Winter Sale Limited Time 65% Discount Offer - Ends in 0d 00h 00m 00s - Coupon code: pass65

Exam Databricks-Certified-Associate-Developer-for-Apache-Spark-3.5 All Questions
Exam Databricks-Certified-Associate-Developer-for-Apache-Spark-3.5 All Questions

View all questions & answers for the Databricks-Certified-Associate-Developer-for-Apache-Spark-3.5 exam

Databricks Databricks-Certified-Associate-Developer-for-Apache-Spark-3.5 Question # 2 Topic 1 Discussion

Databricks-Certified-Associate-Developer-for-Apache-Spark-3.5 Exam Topic 1 Question 2 Discussion:
Question #: 2
Topic #: 1

A data scientist is working on a large dataset in Apache Spark using PySpark. The data scientist has a DataFramedfwith columnsuser_id,product_id, andpurchase_amountand needs to perform some operations on this data efficiently.

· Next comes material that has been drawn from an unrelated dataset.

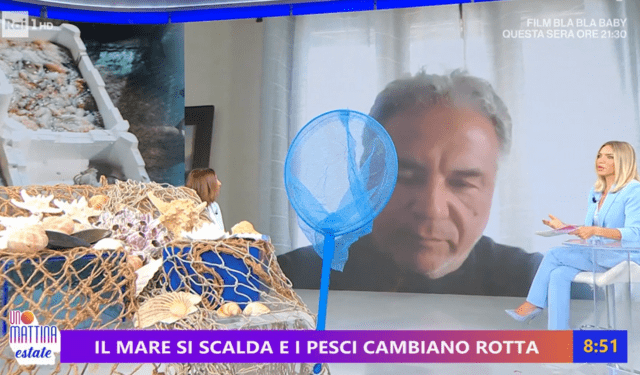 Il mare si scalda e il pesce cambia rotta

Which sequence of operations results in transformations that require a shuffle followed by transformations that do not?


A.

df.filter(df.purchase_amount > 100).groupBy("user_id").sum("purchase_amount")


B.

df.withColumn("discount", df.purchase_amount * 0.1).select("discount")


C.

df.withColumn("purchase_date", current_date()).where("total_purchase > 50")


D.

df.groupBy("user_id").agg(sum("purchase_amount").alias("total_purchase")).repartition(10)


Get Premium Databricks-Certified-Associate-Developer-for-Apache-Spark-3.5 Questions

Contribute your Thoughts:


Chosen Answer:
This is a voting comment (?). It is better to Upvote an existing comment if you don't have anything to add.